Charles Allen Lechmere | |
---|---|
Born | Charles Allen Lechmere 5 October 1849 |
Died | 23 December 1920[2] Bow, London, England | (aged 71)
Other names | Charles Allen Cross |
Known for | Discovering the first canonical Jack the Ripper victim Jack the Ripper suspect |
Spouse |
Elizabeth Bostock (m. 1870) |
Children | 11[3] |
Charles Allen Lechmere (5 October 1849 – 23 December 1920), also known as Charles Allen Cross, is a Jack the Ripper suspect who was a native of East London and reportedly worked as a carman (delivery driver) for the Pickfords company for more than 20 years. On 31 August 1888, Lechmere apparently found the body of Mary Ann Nichols, the first of Jack the Ripper's five canonical victims, while on his way to work. Although long regarded as merely a passer-by at the crime scene, Lechmere has since been named as a Jack the Ripper suspect by contemporary true crime writers.

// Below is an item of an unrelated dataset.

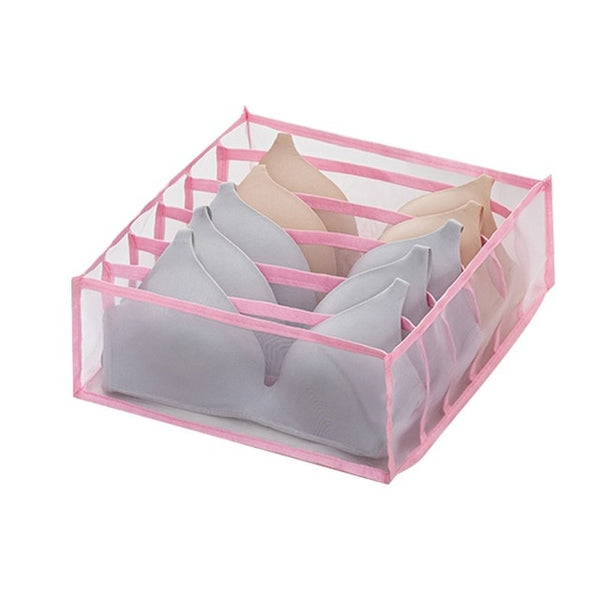 Dormitory closet organizer for socks home separated underwear storage box 7 grids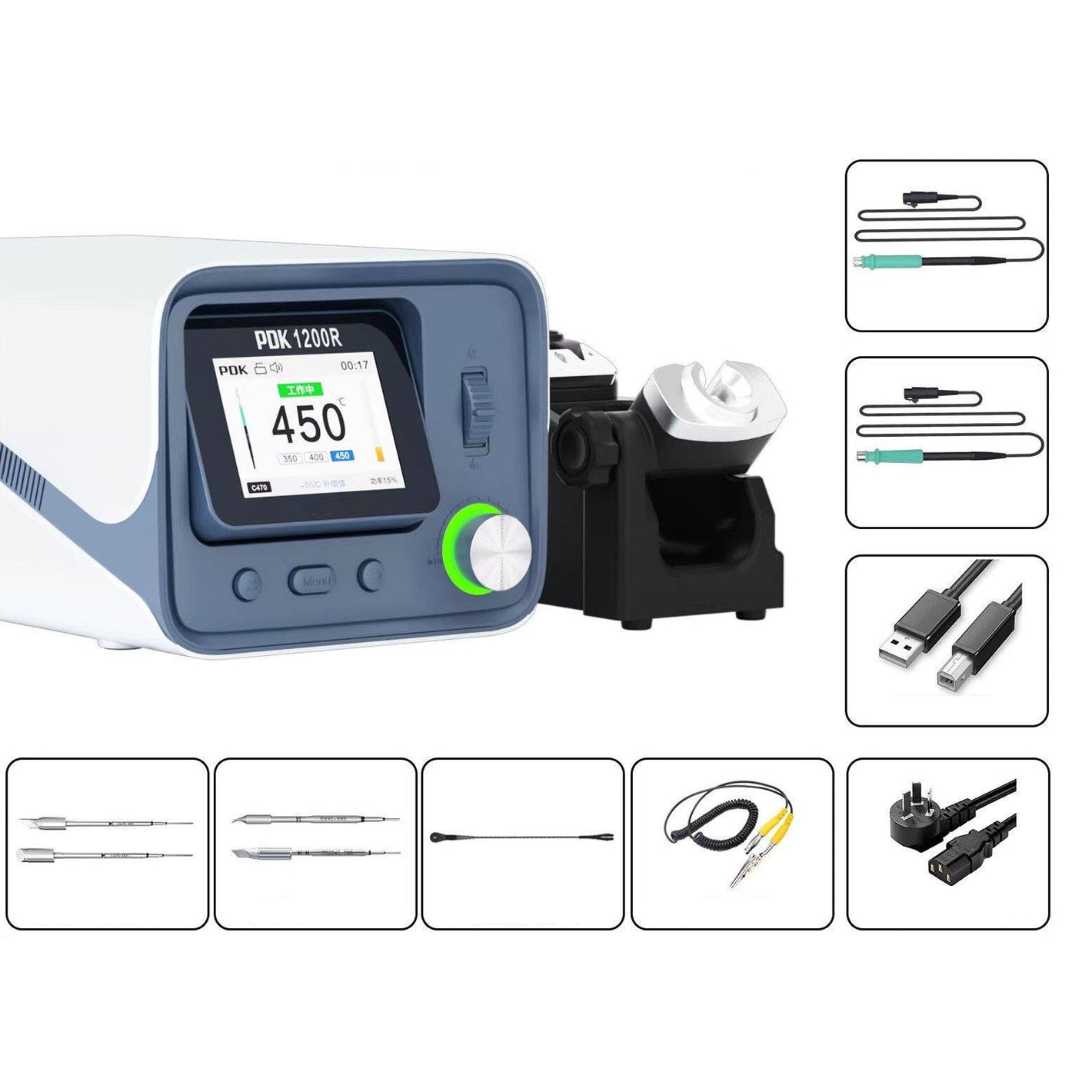 I2C PDK1200R 400W Intelligent Soldering Station for Electronics Repair BGA SMD Welding (C245 + C470 Handle)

The suggestion that he might actually be the Whitechapel Murderer was first raised by Derek Osborne in 2000 in an issue of the magazine Ripperana.[4] The following year saw the possibility further explored in an article by John Carey,[5] while Osborne went on to examine a set of remarkable coincidences which suggested that the man who gave his name as 'Cross' at the inquest was in fact a man legally known as Lechmere.[6] Lechmere's possible guilt was further discussed by John Carey in 2002;[7] by Osborne in 2007,[8] by Michael Connor in four issues of The Ripperologist between 2006 and 2008.[9][10][11][12] and by Bob Mills in The Ripperologist 2021.[13]
Mainstream awareness of Lechmere grew in 2014 when journalist Christer Holmgren and criminologist Gareth Norris explored the case against him in the 2014 Channel Five documentary Jack the Ripper: The Missing Evidence.[14][15] In 2021, Holmgren produced a book[16] in which Lechmere is linked not only to the Whitechapel Murders, but also to the longer series of killings known as the Thames Torso Murders.